- _DATASET CONTENT_
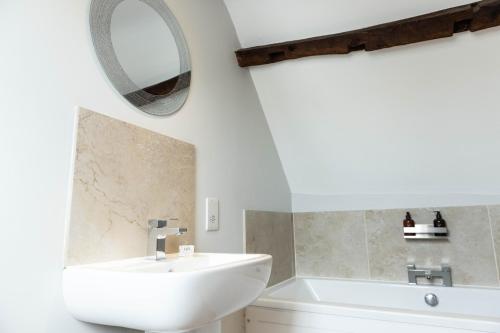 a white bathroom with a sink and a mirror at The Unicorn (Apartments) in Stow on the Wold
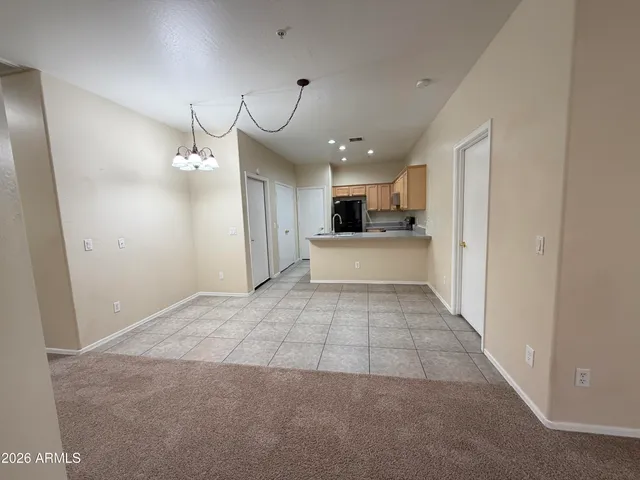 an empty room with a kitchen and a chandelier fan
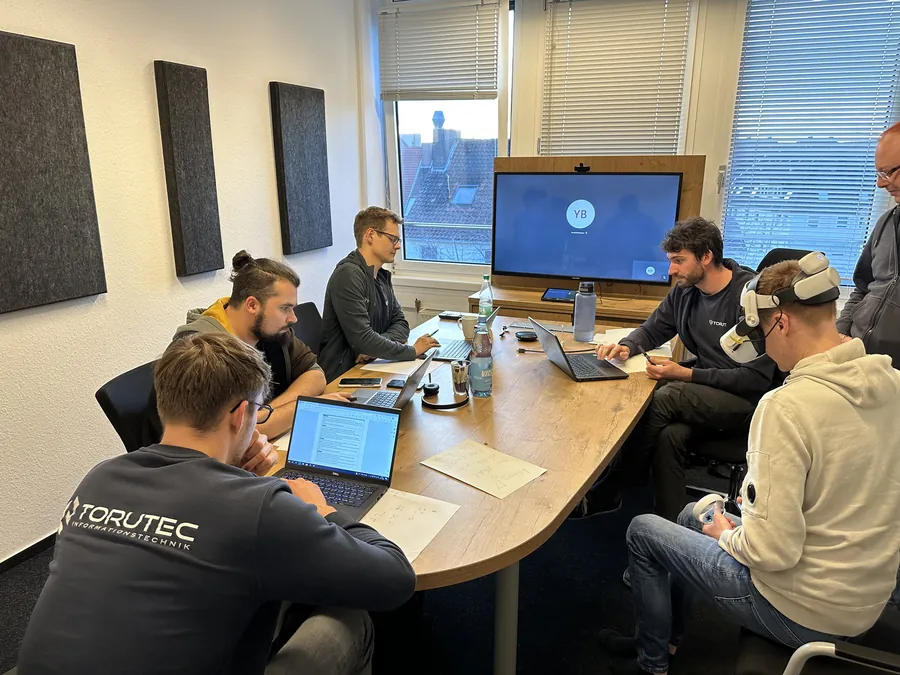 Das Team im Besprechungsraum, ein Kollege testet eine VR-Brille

---

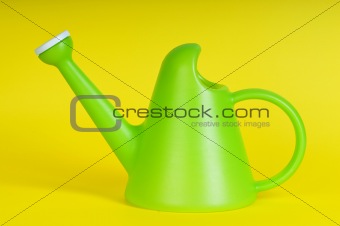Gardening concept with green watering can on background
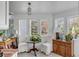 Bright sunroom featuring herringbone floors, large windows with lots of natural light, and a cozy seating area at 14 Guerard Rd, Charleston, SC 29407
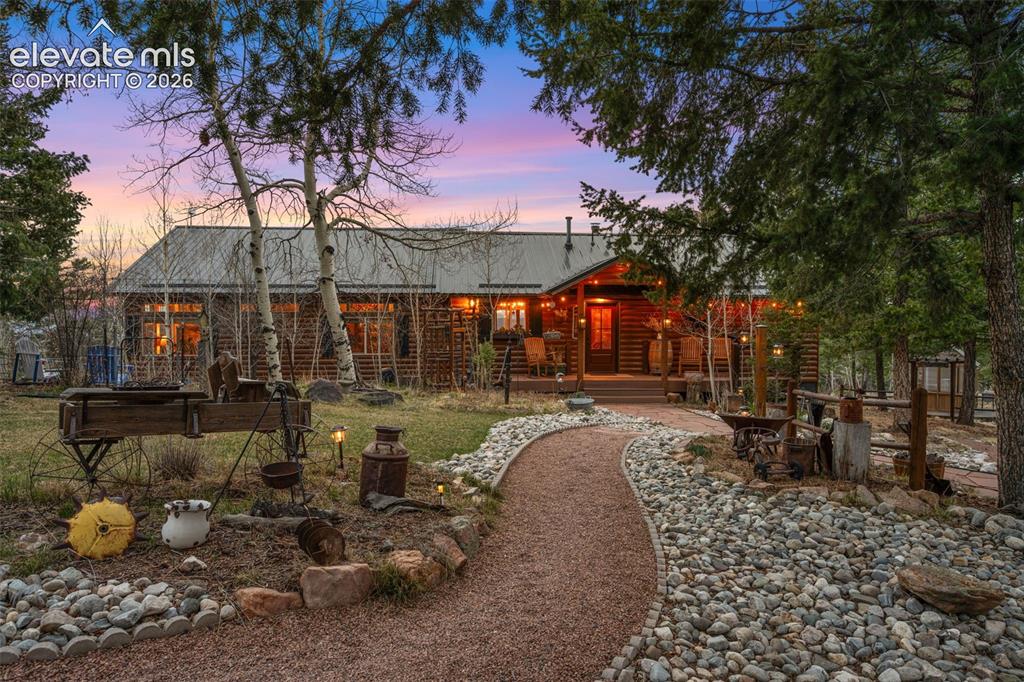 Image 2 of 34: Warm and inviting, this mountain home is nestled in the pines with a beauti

==

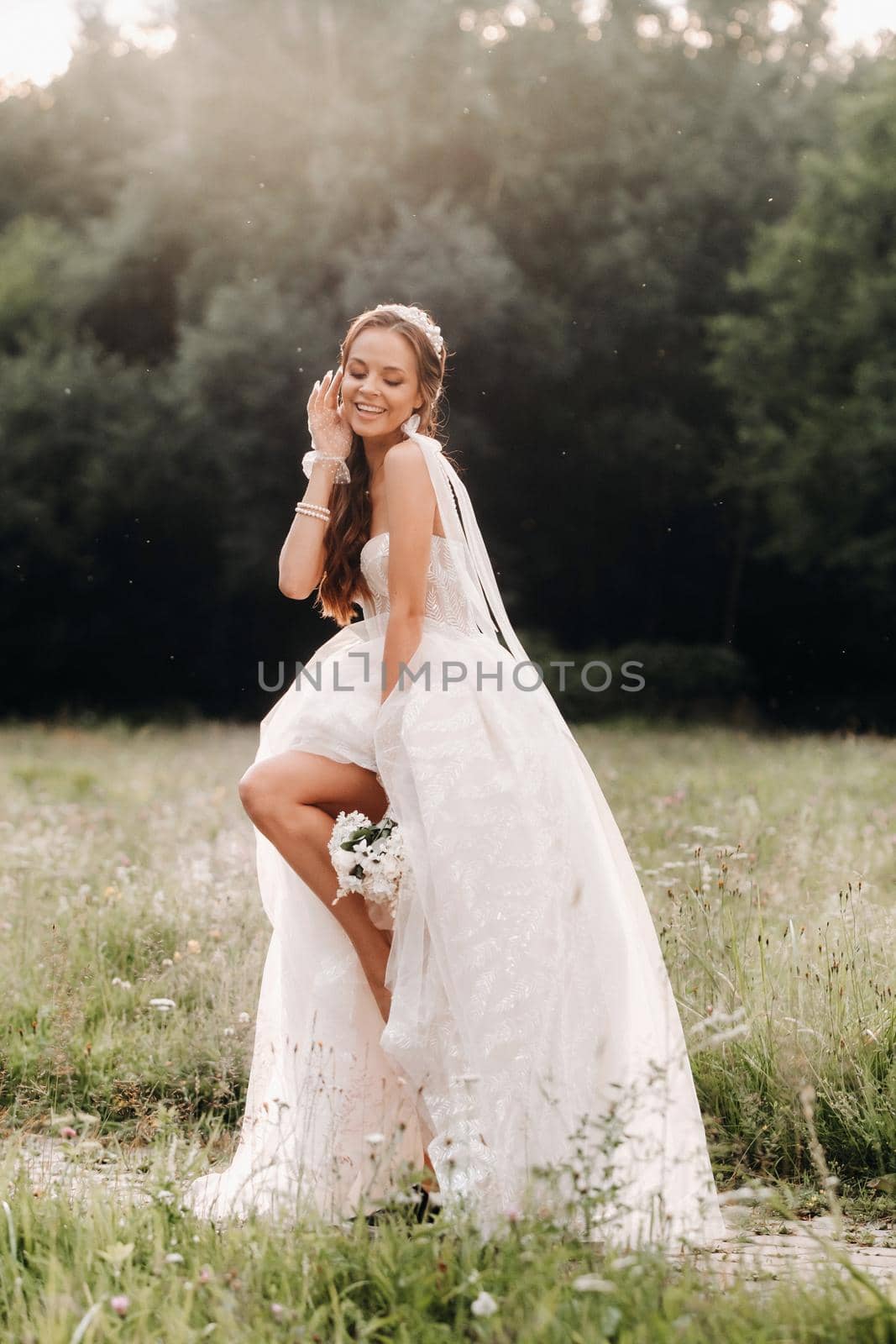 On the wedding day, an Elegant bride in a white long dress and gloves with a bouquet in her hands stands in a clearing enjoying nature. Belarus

- _WHAT IS BEING ASKED_
Transcribe only the lines above that start at the line containing "an empty room" and end at the line containing "Das Team im". Omit pictures.

- _ANSWER SPACE_
 an empty room with a kitchen and a chandelier fan
 Das Team im Besprechungsraum, ein Kollege testet eine VR-Brille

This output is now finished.